Balint hatte ich in Wien auf einer Veranstaltung kennengelernt und mit ihm über das Service-Portfolio gesprochen. Am Ende der Folge hatte ich Dir schon gesagt, dass das Gespräch meine Sicht auf die Disziplin Service-Portfolio-Management ziemlich verändert hat. Was genau und warum, dass möchte ich heute auflösen.
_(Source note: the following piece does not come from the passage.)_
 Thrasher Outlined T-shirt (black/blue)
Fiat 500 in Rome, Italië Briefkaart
Balint spricht davon, dass das Service-Portfolio ein Kommunikationstool zum Senior-Management ist. Er meint damit, dass das Portfolio aufzeigt, wie die Wertschöpfung des Unternehmens durch die IT abgebildet wird. Im Prinzip das, was ich als Business-Services verstehe – allerdings auf einer oder zwei Ebenen höher.

Die Theorie

Ich habe mir im Nachgang des Gespräches nochmal angeschaut, was im Buch zum Thema Service-Portfolio-Management steht. Ich kann nachvollziehen, dass mir das Ganze viel mehr als Verwaltungsorientierter Akt im Hinterkopf geblieben ist. Jedoch nach der inzwischen gewonnen Erfahrung lese ich auch diesen Bereich etwas anders. Es erscheint mir in der Version 2011 immer noch ein wenig akademisch. Die Beschreibung bleibt hinter dem zurück, was man allgemein unter Portfolio-Management versteht.
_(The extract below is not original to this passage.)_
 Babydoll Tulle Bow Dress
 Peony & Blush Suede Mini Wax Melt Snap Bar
Grundsätzlich enthält das Service-Portfolio alle Services, die ein Provider plant, anbietet oder eingestellt hat. Somit erstreckt es sich über den gesamten Lebenszyklus des Service.

Der wirkliche Nutzen

Das Ziel ist, komplexe Zusammenhänge begreifbar zu machen und Entscheidungen zu treffen. Dabei werden Faktoren wie Kundennutzen, Strategie, Invest, Risiko, Marktanteile oder andere Werte in Korrelation gesetzt, um aufzuzeigen wo sich Chancen und Risiken verbergen.

Lass mich das in einem Beispiel verdeutlichen: Stell Dir vor Du bist der Service-Portfolio-Manager und schaust Dir die Services an, die gerade in der Planung sind. Du stellst fest, dass sind viel zu viele und möchtest diese priorisieren. Da könntest Du beispielsweise danach schauen, welchen Beitrag die einzelnen Services zur Unternehmensstrategie leisten und was die Herstellung und der Betrieb der Services voraussichtlich kosten würde.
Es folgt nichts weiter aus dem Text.